Tentu banyak yang gelisah. Tetapi cashflow menjadi positif. Mereka bekerja bak kancil melawan kemuskilan. Kerja-kerja-kerja siang dan malam.
Saya adalah sedikit di antara pihak yang menyaksikan dan mendampingi mereka. Siang malam, menghadapi orang-orang yang marah dan resisten.
Alhasil banyak orang baik dan eksekutif handal yang bisa diajak "menari". Garuda Indonesia berhasil terbang dengan gagah kembali. Demikian pula Indonesia hari ini. Tak ada yang bisa mengalahkan prestasi orang yang bekerja. Banyak ngomong saja, apalagi ngawur-ngawuran, tak akan membawa kemakmuran. Itu sudah hukum alam.
Kini Harus Lebih Baik
Tetapi begitulah manusia berusaha. Kampanye “kini lebih baik” saat itu dimaksudkan untuk membangun kepercayaan publik yang telah patah arang terhadap Garuda untuk kembali. Mereka sudah lebih dulu jatuh cinta pada armada udara asing. Garuda Indonesia seakan mengatakan, “coba dulu dong baru berkomentar.”
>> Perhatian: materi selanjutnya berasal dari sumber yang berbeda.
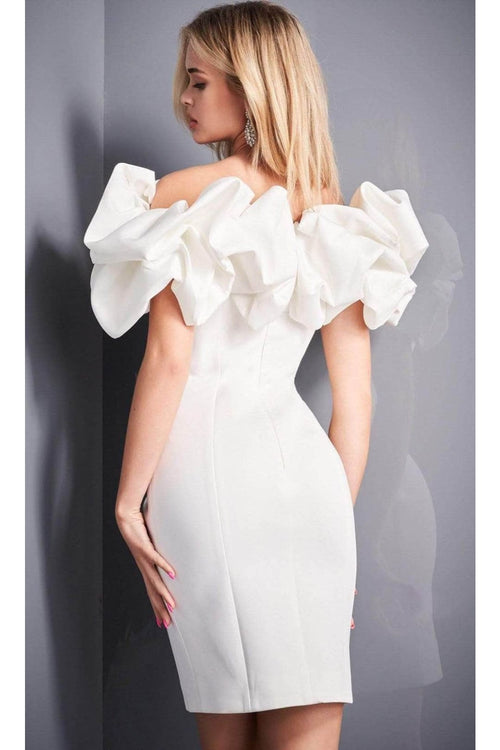 Jovani 04367 - Ruffled Off-Shoulder Fitted Dress - Prom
Sambutan di luar (pasar) mulanya sangat sinikal karena layanan buruk sekali selama bertahun-tahun. Sementara armada dari negri tetangga berubah bagus sekali.
Tahun-tahun berikutnya Garuda mendapat kepercayaan yang besar dari dunia sebagai the most improved airlines. Akhirnya publik di sini pun menerimanya.
Namun siapakah yang tetap berbicara buruk dan sinikal? Anda benar. Mereka adalah orang-orang yang ingin segera mengganti pimpinan. Maka sekalipun mereka melihat perubahan, mereka pantang memuji.
Yang kedua, mereka yang duduk di luar dan tak pernah naik pesawat samasekali. Itulah para komentator yang hanya berpikir memakai persepsi. Dan sepanjang zaman mereka akan selalu ada.
Tetapi masih ada satu lagi, orang-orang lama.
Sejumlah eksekutif menilai kampanye kini lebih baik sebagai hal yang buruk. Maklum mereka adalah bagian dari masa lalu. “Kalau hari ini lebih baik, maka kalian secara implisit mengatakan kami kurang baik.”
Demikianlah pembangunan atau perbaikan. Setiap generasi selalu mengupayakan kemajuan, yang dalam banyak hal berarti mengatasi hambatan-hambatan yang tak bisa dilakukan para pendahulu.